Универсальность категории состояния. Наречие-сказуемое в безличном предложении
В русском языке есть особый разряд слов – предикативные наречия, т. е. наречия не в обычной для них роли обстоятельств, но в роли сказуемых (предикатов). Например, «огонь весело трещал» – здесь наречие «весело» выступает как обстоятельство (трещал как?). «Мне весело было смотреть на огонь» – здесь «весело» выступает как предикат, сказуемое (мне было каково?) и в сочетании с глаголом-связкой «было» приобретает временное значение. Точно так же: «Он холодно на меня посмотрел» (обстоятельство). «Сегодня на улице холодно» (сказуемое). Наречия выступают в качестве сказуемых, как правило, в безличных предложениях, где субъект либо отсутствует («на улице холодно»), либо выражен грамматически не как подлежащее, а как косвенное дополнение («мне холодно»).
Некоторые лингвисты, например академик В.В. Виноградов, выделяют предикативные (сказуемостные) наречия и ряд других слов (не глаголов), используемых в предикативной функции, в особую часть речи — «категорию состояния как новую для русского языка, но очень активно развивающуюся часть речи»[172]. К категории состояния относятся, в частности, наречия на – о, имеющие формы времени, служащие для выражения сказуемых в безличных предложениях и обозначающие психическое или физическое состояние: весело, грустно, смешно, тревожно, светло, темно, жарко, холодно, больно…
Однако по ныне действующим нормам далеко не все качественные наречия на – о могут выступать в качестве предикатов. Можно сказать: «мне весело, грустно, холодно, жарко, душно, легко, трудно», но нельзя сказать: «мне быстро, нежно, бодро, морозно, лукаво, упрямо, покорно, смело, робко, умело, торопливо, кротко, свирепо, жестоко, жадно, враждебно, доверчиво» и т. д. Кто установил эти ограничения? Почему можно сказать, как у Пушкина, «мне грустно и светло», но нельзя – «мне задумчиво и нежно»? В.В. Виноградов отмечает невозможность таких выражений: «было вечно, будет медленно, было поспешно, будет трусливо» (331). Но по какому, собственно, признаку устанавливается этот запрет? Почему нельзя сказать:
«Мне слишком медленно в этой деревне, мне привычней там, где торопливо, в большом городе».
«Тебе хорошо со мной? – Да.
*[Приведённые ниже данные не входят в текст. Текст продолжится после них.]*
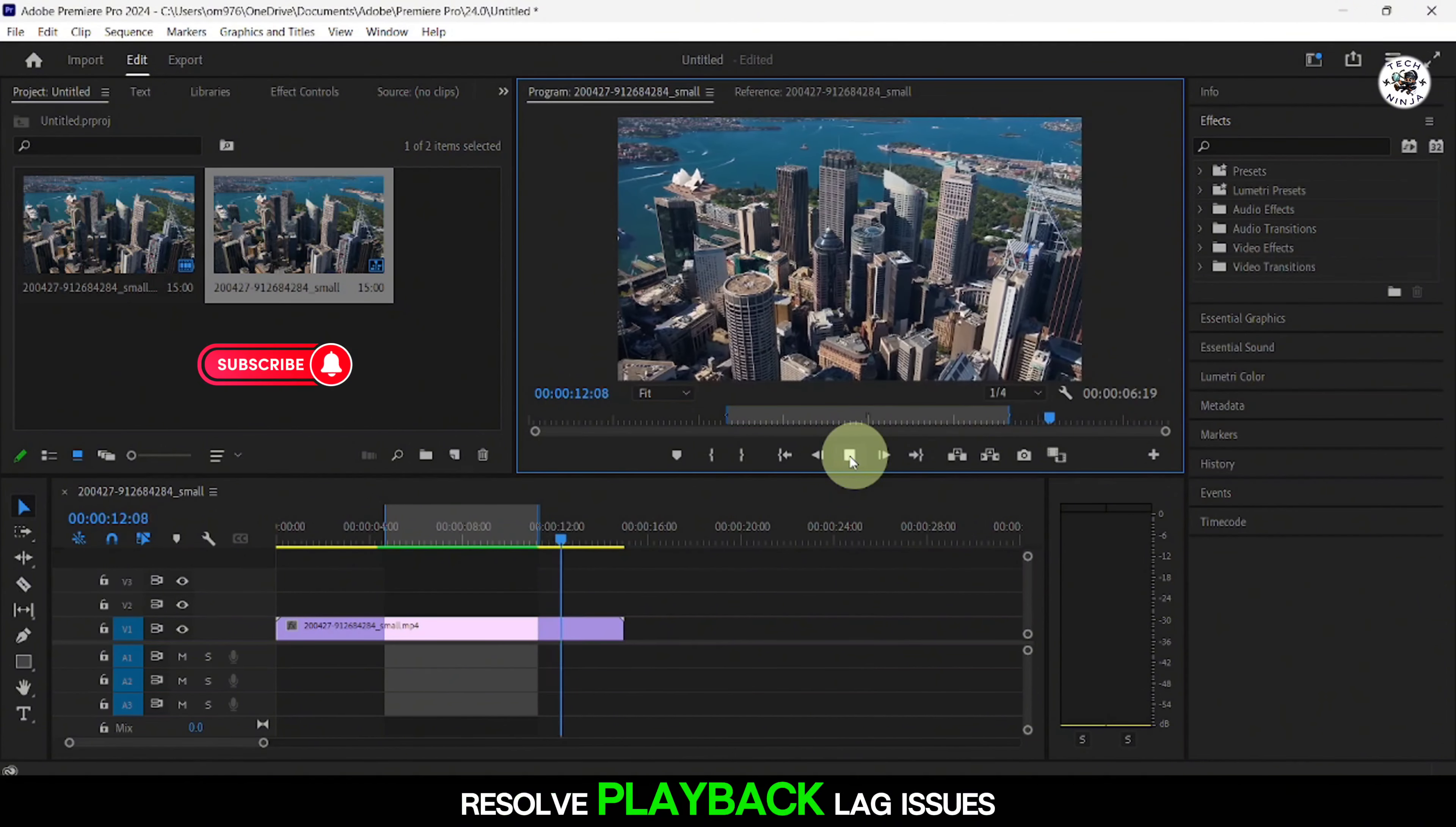For advanced users, you can improve performance by adjusting process priority. Open the taskbar, go to Details, find Adobe Premiere Pro, right-click, and set the priority to High.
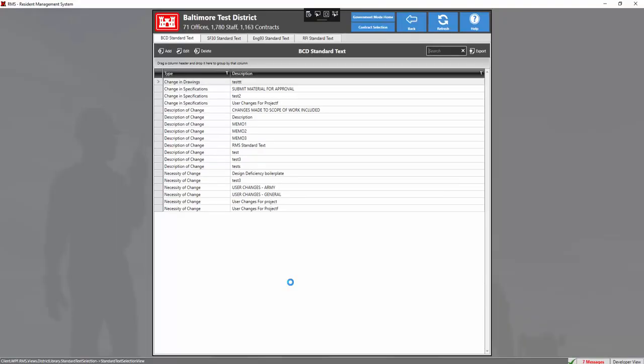Now the standard text is used to add a standard statement either to the BCD, SF30, ENG93, or RFI.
Я хочу, чтобы нам было медленно.
Я хочу, чтобы нам было вечно».
У Давида Самойлова в стихотворении «Давай поедем в город…» (1963) находим в роли сказуемых такие наречия, как «бодро» и «морозно», которые предваряются более привычным использованием «печально» в том же ряду однородных членов:
Года пускай хранятся,
А нам храниться поздно.
Нам будет чуть печально,
Но бодро и морозно.
Представляется, что именно в этом направлении может развиваться категория состояния в русском языке – потенциально включать в себя все качественные наречия, если они приобретают функцию сказуемого. Тогда любое наречие, в зависимости от контекста, от структуры предложения, сможет употребляться и в роли обстоятельства, и в роли сказуемого. Тем более что граница, пролегающая между употреблением наречий как обстоятельств (при глаголах) и как сказуемых (вместо глаголов), исторически уже передвигалась в русском языке. Сам В.В. Виноградов указывает: «Несомненно, что в древнерусском языке возможности сказуемостного употребления наречий были гораздо шире» (331).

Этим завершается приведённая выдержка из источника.